Ils avaient connu les appels interminables, les nouvelles données avant même qu’elles soient certaines. Désormais, chacun apprenait la vie de l’autre par fragments : un changement d’adresse, une tasse ébréchée, le prénom d’un collègue, une fatigue laissée sans explication.
En novembre, elle a envoyé une enveloppe contenant une feuille de platane, large et rousse. Il l’a posée sur son bureau sans répondre aussitôt. Le soir venu, il a déplacé son clavier pour lui faire de la place.

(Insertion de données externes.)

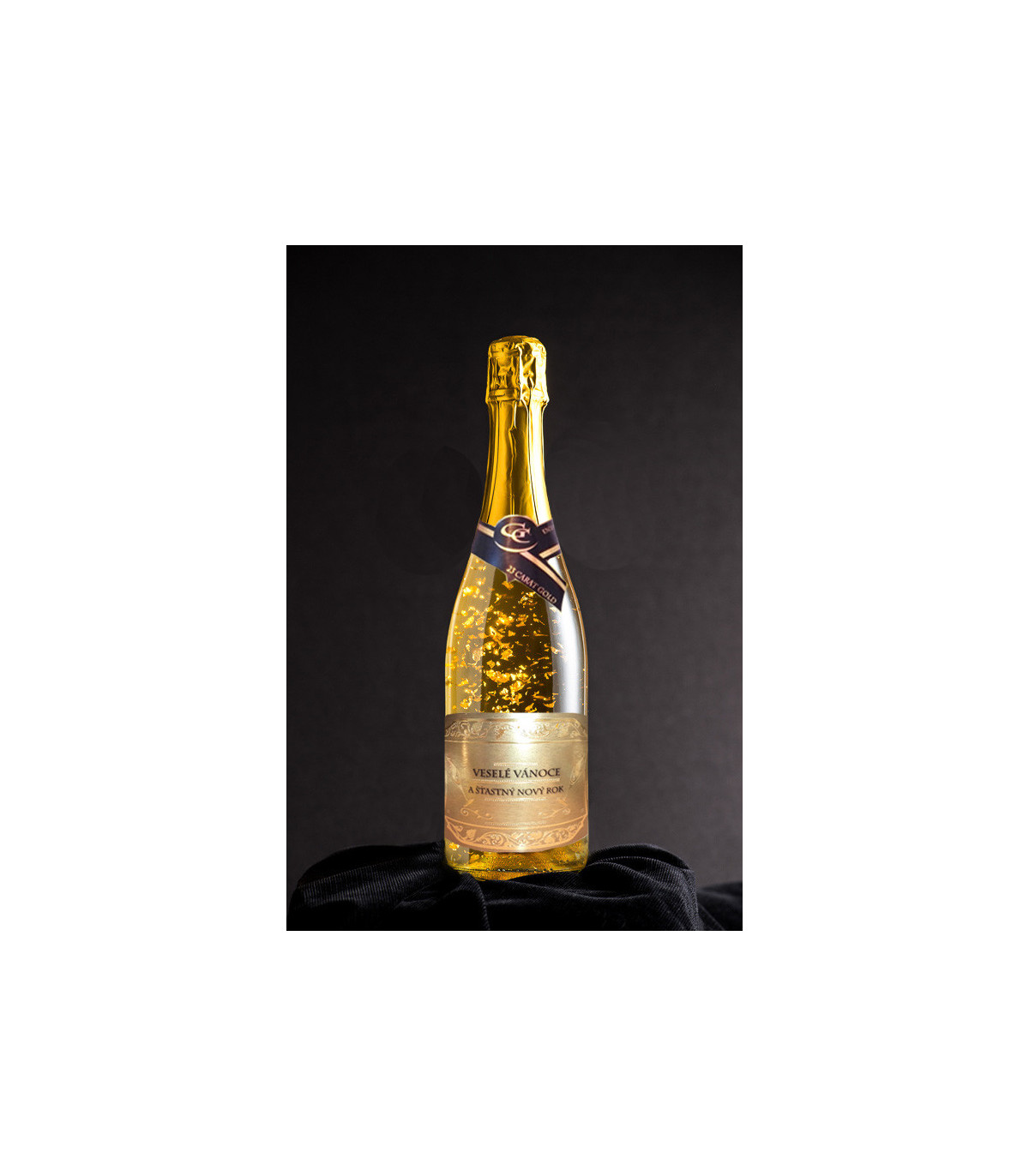 Šumivé víno se zlatem - vánoční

Proposer des poèmes qui peuvent accompagner une carte, un anniversaire ou un remerciement personnel.
Des mots à lui offrir
La part sans ruban
Pour l’anniversaire d’un ami qui n’aime pas les grands discours
Je pourrais compter les années,
faire l’inventaire des souvenirs,
choisir les meilleurs
et leur donner un brillant suspect.
Mais tu lèverais les yeux au ciel.
Tu demanderais qui a pris le couteau,
pourquoi les parts sont inégales,
et si quelqu’un veut encore du café.
Alors je te souhaite simplement
une année qui ne triche pas :
des matins supportables,
des projets qui gardent leur mesure,
quelques surprises bien placées,
et le droit de quitter tôt
les soirées trop longues.
Le gâteau s’affaisse un peu au centre.
Une bougie refuse de tenir.
Tu souffles avant la fin de la chanson
et tu coupes pour moi
la part où il y a le plus de chocolat.
Ponctuation du retour
Pour remercier un ami présent dans une période difficile
Tu n’as pas demandé de récit complet.
Tu es venu avec des oranges,
un journal plié,
et cette manière de regarder ailleurs
quand les mots cherchent leur sortie.
Tu as parlé du trajet,
d’un chien aperçu près du rond-point,
d’une erreur sur le ticket de caisse.
Les choses ordinaires entraient avec toi,
posaient leurs manteaux,
occupaient doucement la pièce.
Je ne te confierai pas
le rôle commode de celui qui répare.
Tu n’as rien réparé.
Tu as attendu,
rempli le verre d’eau,
ouvert un peu la fenêtre.
Quand tu es parti,
les oranges sont restées sur la table,
rondes, nombreuses,
comme des points posés après une phrase
que je pouvais enfin laisser finir.
Adresse au futur distrait
Pour dédier quelques mots à un ami de longue date
Si un jour nous oublions
la date de notre première rencontre,
ce ne sera pas grave.
Il restera d’autres preuves :
ta façon de pousser vers moi
le panier de pain,
mon habitude de vérifier
si tu as bien pris tes clés,
le nom absurde donné jadis
à une rue parfaitement banale.
Si un jour nous répétons
les mêmes histoires,
tu corrigeras mes détails,
je contesterai ta version,
et le récit gagnera encore
une scène qui n’a jamais eu lieu.
Je ne demande pas au temps
de nous garder identiques.
Qu’il change les voix, les adresses,
les manteaux et les horaires.
Quand nous nous reverrons,
il suffira peut-être
d’un salut prononcé de travers.
Je pousserai vers toi le panier de pain.